I will settle these claims and personal favourites, once and for all, by assessing each cathedral in turn and giving it a final score based on the following factors:
- Architecture -How impressive, innovative or unusual the building is
- Art and Artefacts – The significance or rarity of any artefacts or artworks in the cathedral
- Saintly stories – How impressive, amusing or unusual the associated saint is, including miracles performed and what they are patron of
- Claims to fame – Is there any famous people or stories associated with the cathedral
- Age – The date from which it was first built
I will score each category out of 10, then add the age to that to get a total. Eventually we will find a winner and see England’s greatest cathedrals crowned.
What is a Cathedral?
Cathedrals were truly built to the glory of God and as a celebration of popular religion. Visitors flock from far and wide to marvel at their grandeur and beauty. But what makes a cathedral a cathedral? The word ‘cathedral’ comes from the Latin ‘cathedra’ which means ‘chair’ and referred to the seat that a bishop sat in the early Christian basilica. This word eventually became synonymous with the ‘seat’ of the Bishop or the Bishopric. A Bishop used the cathedral as his base to govern over the Bishopric.

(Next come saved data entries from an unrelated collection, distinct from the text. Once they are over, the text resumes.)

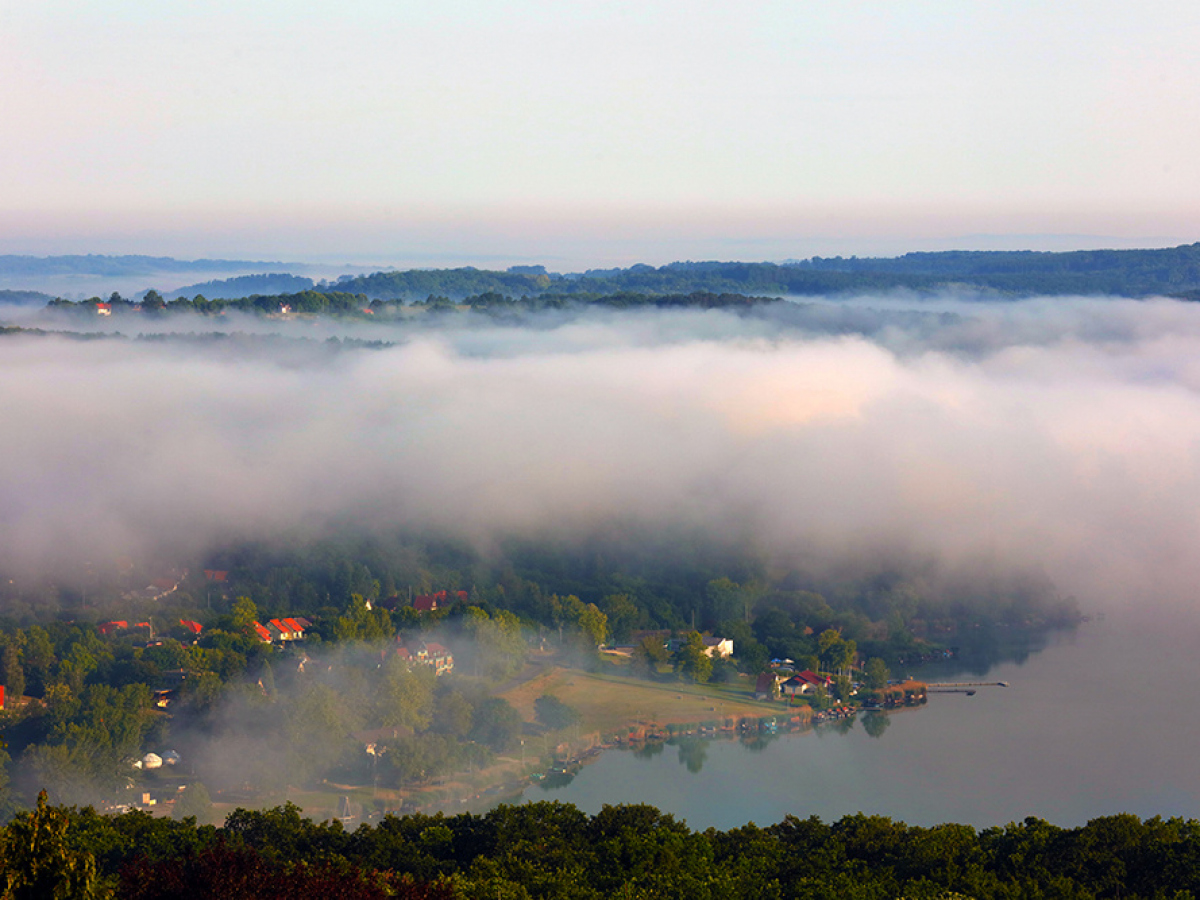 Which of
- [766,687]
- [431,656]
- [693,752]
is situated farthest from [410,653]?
[766,687]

The Basilica of St Denis and the Notre Dame de Paris are the building blocks for the gothic giants that typify our English cathedrals today. This style developed in the twelfth century in France and churches and cathedrals in England followed suit.
Since then cathedrals have endured at the centre of city life. Although for some people, they may not play a huge role religiously, they still have symbolic and sentimental importance. Just remember the overwhelming support from the public when the Notre Dame de Paris was engulfed in flames, on 15 April 2019.
To me they represent the ancient history and culture of our country built in stone. The also represent continuity and a link to the past. It will be a pleasure to explore them and think about each in detail.